> _What to do_: State the number of lines in the records that contain "Auckland", with no other words.

(Scraped caption text data)

◆ ◆ ◆ ◆ ◆

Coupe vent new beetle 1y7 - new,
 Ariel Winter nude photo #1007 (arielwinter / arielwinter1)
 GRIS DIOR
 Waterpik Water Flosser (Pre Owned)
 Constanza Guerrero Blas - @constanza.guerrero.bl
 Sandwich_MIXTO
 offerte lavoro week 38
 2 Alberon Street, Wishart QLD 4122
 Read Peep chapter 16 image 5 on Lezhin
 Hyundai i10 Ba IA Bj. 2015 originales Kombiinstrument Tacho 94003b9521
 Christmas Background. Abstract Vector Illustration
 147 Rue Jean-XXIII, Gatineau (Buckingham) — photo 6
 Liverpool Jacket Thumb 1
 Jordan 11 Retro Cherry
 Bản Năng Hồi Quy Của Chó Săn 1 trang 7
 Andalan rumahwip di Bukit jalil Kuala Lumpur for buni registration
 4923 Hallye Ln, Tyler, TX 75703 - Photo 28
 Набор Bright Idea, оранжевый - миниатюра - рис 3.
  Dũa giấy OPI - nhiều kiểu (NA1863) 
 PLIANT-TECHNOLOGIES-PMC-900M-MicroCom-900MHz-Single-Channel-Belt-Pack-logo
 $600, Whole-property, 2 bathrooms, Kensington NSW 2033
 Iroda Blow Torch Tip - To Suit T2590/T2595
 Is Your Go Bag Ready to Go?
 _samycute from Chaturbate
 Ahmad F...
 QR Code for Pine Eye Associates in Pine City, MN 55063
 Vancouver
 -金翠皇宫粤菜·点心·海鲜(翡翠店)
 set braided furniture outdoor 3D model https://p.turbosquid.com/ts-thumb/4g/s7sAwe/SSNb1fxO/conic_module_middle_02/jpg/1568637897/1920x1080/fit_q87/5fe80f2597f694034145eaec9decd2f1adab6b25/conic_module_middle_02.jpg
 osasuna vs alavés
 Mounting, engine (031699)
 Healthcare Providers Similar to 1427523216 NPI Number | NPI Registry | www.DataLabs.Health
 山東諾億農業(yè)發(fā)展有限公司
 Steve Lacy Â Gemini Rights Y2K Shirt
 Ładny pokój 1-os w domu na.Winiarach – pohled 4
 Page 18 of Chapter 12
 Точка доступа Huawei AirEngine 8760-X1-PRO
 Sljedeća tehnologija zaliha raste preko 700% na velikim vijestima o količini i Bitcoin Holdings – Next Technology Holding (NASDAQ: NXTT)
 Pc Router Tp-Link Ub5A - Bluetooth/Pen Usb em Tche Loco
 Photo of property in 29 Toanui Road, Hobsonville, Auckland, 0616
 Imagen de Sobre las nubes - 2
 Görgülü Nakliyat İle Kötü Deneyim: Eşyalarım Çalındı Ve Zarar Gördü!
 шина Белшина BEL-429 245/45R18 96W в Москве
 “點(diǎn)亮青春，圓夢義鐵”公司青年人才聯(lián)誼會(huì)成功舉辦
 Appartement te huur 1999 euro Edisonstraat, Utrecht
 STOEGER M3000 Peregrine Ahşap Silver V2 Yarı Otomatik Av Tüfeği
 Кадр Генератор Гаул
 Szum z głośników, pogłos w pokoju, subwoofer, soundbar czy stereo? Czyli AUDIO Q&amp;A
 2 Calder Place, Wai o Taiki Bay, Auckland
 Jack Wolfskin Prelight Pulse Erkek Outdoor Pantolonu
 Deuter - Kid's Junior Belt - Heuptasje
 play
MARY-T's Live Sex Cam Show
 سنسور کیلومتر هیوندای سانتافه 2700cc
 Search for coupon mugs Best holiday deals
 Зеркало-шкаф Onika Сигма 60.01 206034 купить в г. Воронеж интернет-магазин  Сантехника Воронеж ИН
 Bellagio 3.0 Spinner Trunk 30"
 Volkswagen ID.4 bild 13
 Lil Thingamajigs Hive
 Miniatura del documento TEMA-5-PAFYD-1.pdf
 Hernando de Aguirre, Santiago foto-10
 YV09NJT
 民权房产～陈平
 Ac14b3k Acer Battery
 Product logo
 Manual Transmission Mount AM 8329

◆ ◆ ◆ ◆ ◆

> _Result of this task_: 2